The answer is in the article: "Everything else is just efficiency"

Another example is a raytracer. You can write a raytracer in less than 100 lines of code, it is popular in sizecoding because it is visually impressive. So why are commercial 3D engines so complex?

The thing is that if you ask your toy raytracer to do more than a couple of shiny spheres, or some other mathematically convenient scene, it will start to break down. Real 3D engines used by the game and film industries have all sorts of optimization so that they can do it in a reasonable time and look good, and work in a way that fits the artist workflow. This is where the million of lines come from.

Paddyz|18 hours ago

[deleted]

tadfisher|17 hours ago

Are you hallucinating or am I? This implementation is 200 lines of Python.
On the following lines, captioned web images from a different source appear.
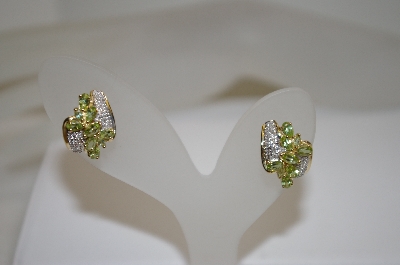 +MBA # 18-395  14K Yellow Gold Peridot & Diamond Earrings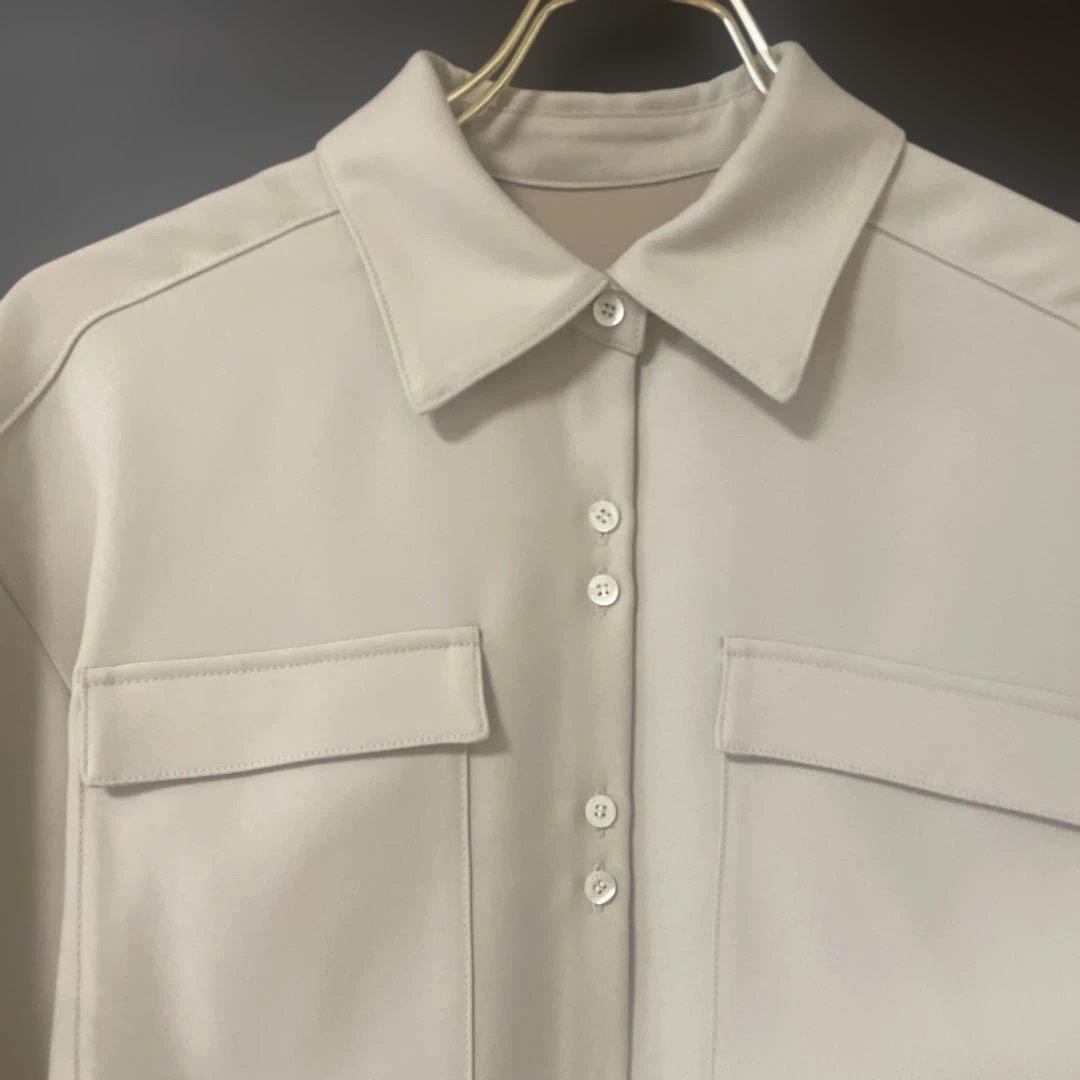 未使用❤️ anuans アニュアンス　ダブルサテン ブラウス　ベージュ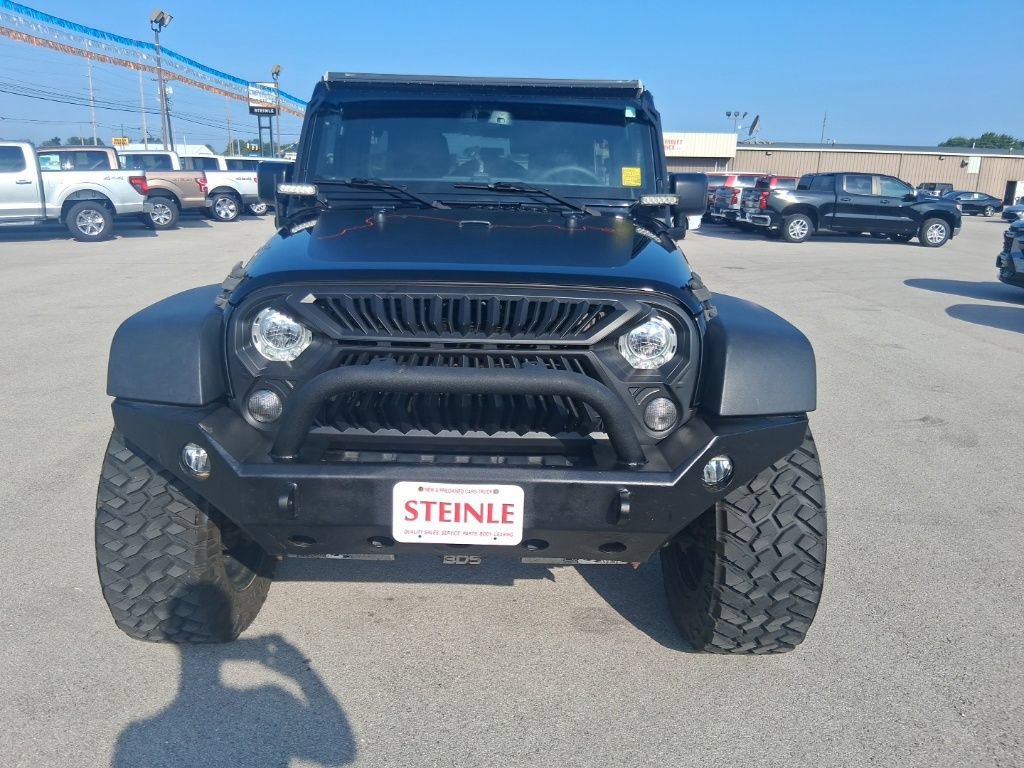 Used 2017 Jeep Wrangler Unlimited Sport AWD/4WD image 4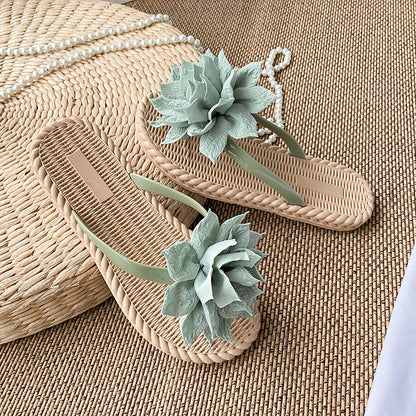 Gentle Woman Flowers All-matching Flat Shoes Non-slip Beach Sandals - Shuntia Symonette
Did you mean to link to a C version?

janis1234|17 hours ago

I found reading Linux source more useful than learning about xv6 because I run Linux and reading through source felt immediately useful. I.e, tracing exactly how a real process I work with everyday gets created.

Can you explain this O(n2) vs O(n) significance better?

misiti3780|17 hours ago

agreed - no one else is saying this.

tithos|19 hours ago

What is the prime use case

keyle|18 hours ago

it's a great learning tool and it shows it can be done concisely.

geerlingguy|18 hours ago

Looks like to learn how a GPT operates, with a real example.

inerte|18 hours ago

Kaparthy to tell you things you thought were hard in fact fit in a screen.

antonvs|18 hours ago

To confuse people who only think in terms of use cases.
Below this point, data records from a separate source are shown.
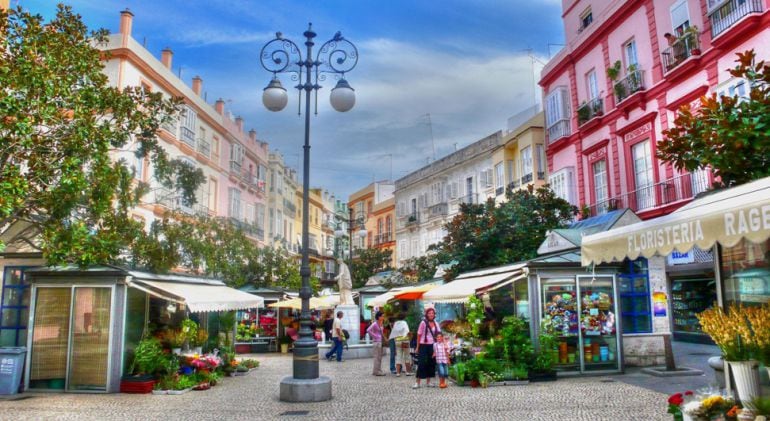 Imagen de la plaza de las Flores de Cádiz, cuyo nombre oficial es plaza Topete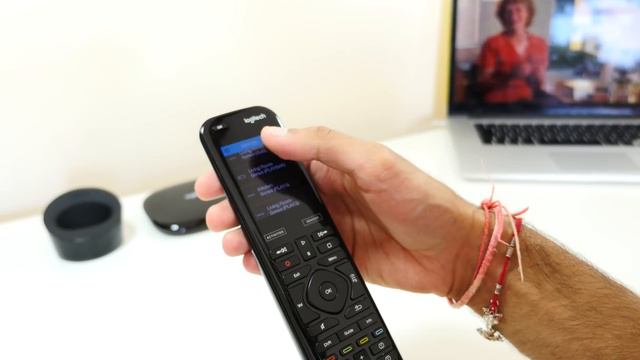 Logitech Harmony Elite - Make your Dumb Home Smart | 4K смотреть онлайн
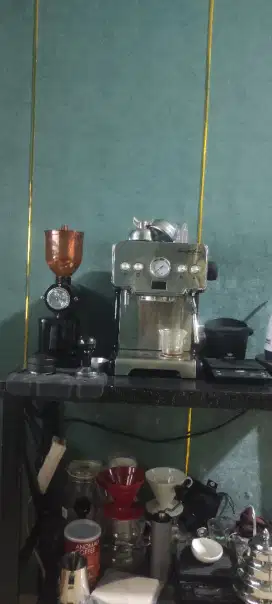 Mesin Kopi Espresso Ferratti Ferro FCM 3605 + Grinder Latina N600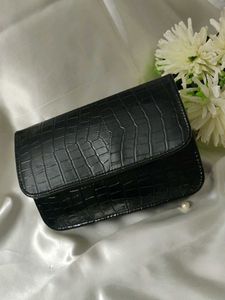 Chic Croc Embossed Chain Bag🖤✨😼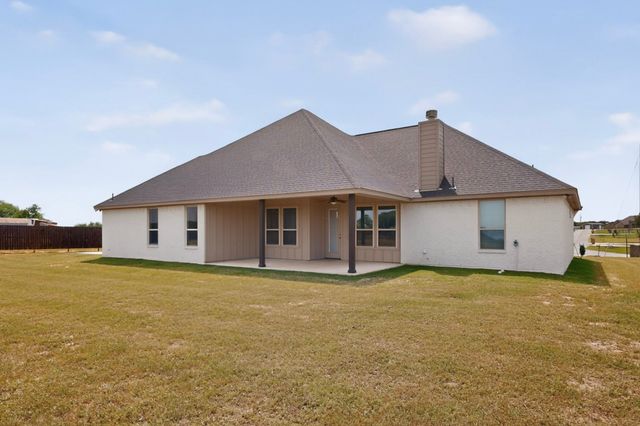 125 Remington Park Drive, Springtown, TX 76082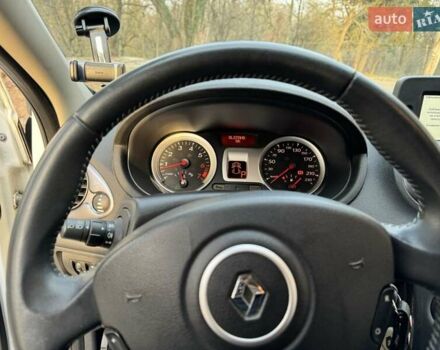 Рено Кліо 2011 у Львові на Automoto.ua Білий Рено Кліо, об'ємом двигуна 1.6 л та пробігом 300 тис. км за 5700 $, фото 10 на Automoto.ua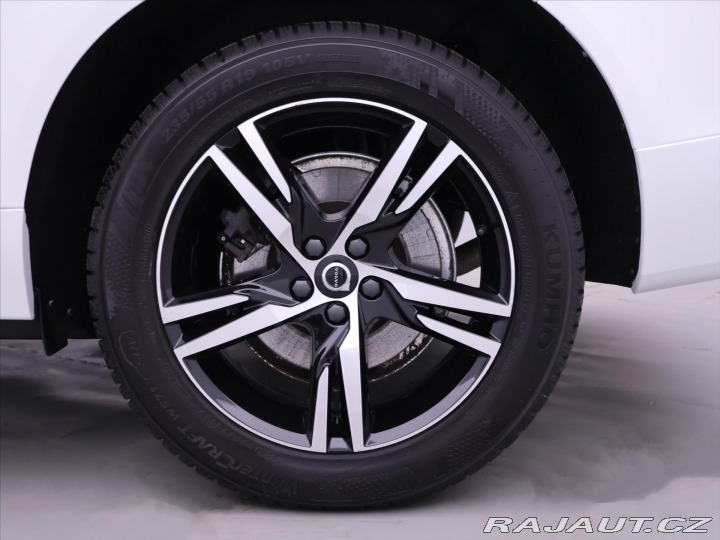 Volvo XC60 2,0 B4 AWD R-Design CZ 1. 2021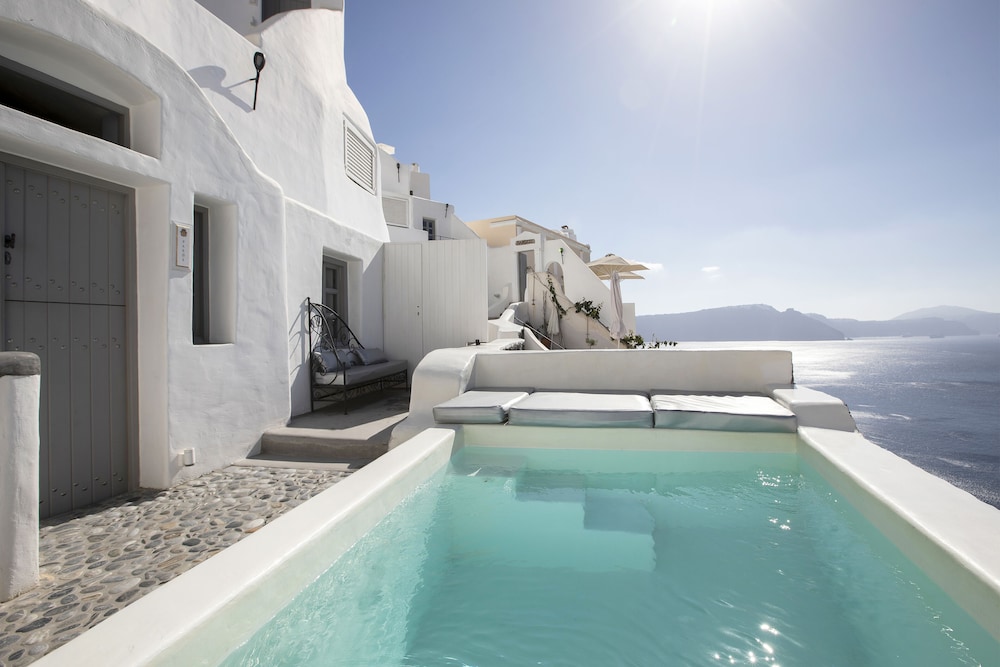 Ducato di Oia - Adults Only — Main photo in Oia, South Aegean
Seriously though, despite being described as an "art project", a project like this can be invaluable for education.

jackblemming|18 hours ago

Case study to whenever a new copy of Programming Pearls is released.

with|14 hours ago

"everything else is just efficiency" is a nice line but the efficiency is the hard part. the core of a search engine is also trivial, rank documents by relevance. google's moat was making it work at scale. same applies here.

lukan|14 hours ago

Sure, but understanding the core concepts are essential to make things efficient and as far as I understand, this has mainly educational purposes ( it does not even run on a GPU).

geon|8 hours ago

I think the hard part is improving on the basic concept.
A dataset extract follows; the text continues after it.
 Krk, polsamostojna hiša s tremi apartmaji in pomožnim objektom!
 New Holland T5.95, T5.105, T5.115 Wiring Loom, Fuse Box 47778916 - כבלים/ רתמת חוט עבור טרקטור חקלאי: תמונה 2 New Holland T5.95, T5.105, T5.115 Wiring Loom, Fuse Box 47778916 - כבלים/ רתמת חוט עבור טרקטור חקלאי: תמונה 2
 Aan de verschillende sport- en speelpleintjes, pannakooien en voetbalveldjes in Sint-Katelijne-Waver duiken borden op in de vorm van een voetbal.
The current top of the line models are extremely overfitted and produce so much nonsense they are useless for anything but the most simple tasks.

This architecture was an interesting experiment, but is not the future.

profsummergig|18 hours ago

If anyone knows of a way to use this code on a consumer grade laptop to train on a small corpus (in less than a week), and then demonstrate inference (hallucinations are okay), please share how.

simsla|17 hours ago

The blog post literally explains how to do so.